Without being entirely sure why, she knocked on the door before inserting the key-card. It didn't work first time and she had to take it out and swipe it again. It still didn't work – perhaps she was doing it the wrong way. Then there was the click and she opened the door to find an empty room. She looked at it carefully but in its neatness it was a room without a story. She looked in the bathroom to find it too how she had left it. Then there was the stirring of panic as different scenarios started to play themselves out, each one more fantastic than the one it replaced. She lifted the phone to ring the front desk but put it down again not knowing what it was she intended to say. Perhaps she had been scammed – it was the perfect opportunity for easy money and no likelihood of any comeback – and she felt both foolish and then for the first time in her life dangerously reckless. Who knew what might have happened or the potentially dangerous repercussions of her actions? She had to find him, assure herself that he was all right, and nothing beyond that mattered now to her as she hurried out of the room and towards the lift.
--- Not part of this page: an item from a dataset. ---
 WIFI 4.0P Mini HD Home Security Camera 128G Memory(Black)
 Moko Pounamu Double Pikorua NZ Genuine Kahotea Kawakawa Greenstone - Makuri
How could she ever forgive herself if she had brought danger to him or if she had been the cause of some terrible misfortune? Despite her frantic pressings of the buttons, the lift took a long time to come and she was glad that it was empty but it stopped at the floor below where no one was waiting and in her panic she pushed buttons randomly and impatiently in her desire to see the doors closed. But as if to punish her the lift stopped at each succeeding floor. The foyer was empty and as she headed to the front door, unsure of where it was she was heading, she heard her name called and he was standing in the entrance to the bar. He was staring at her, staring more intently at her than she could ever remember, and she felt herself flinching, as if she was suddenly exposed and unprotected.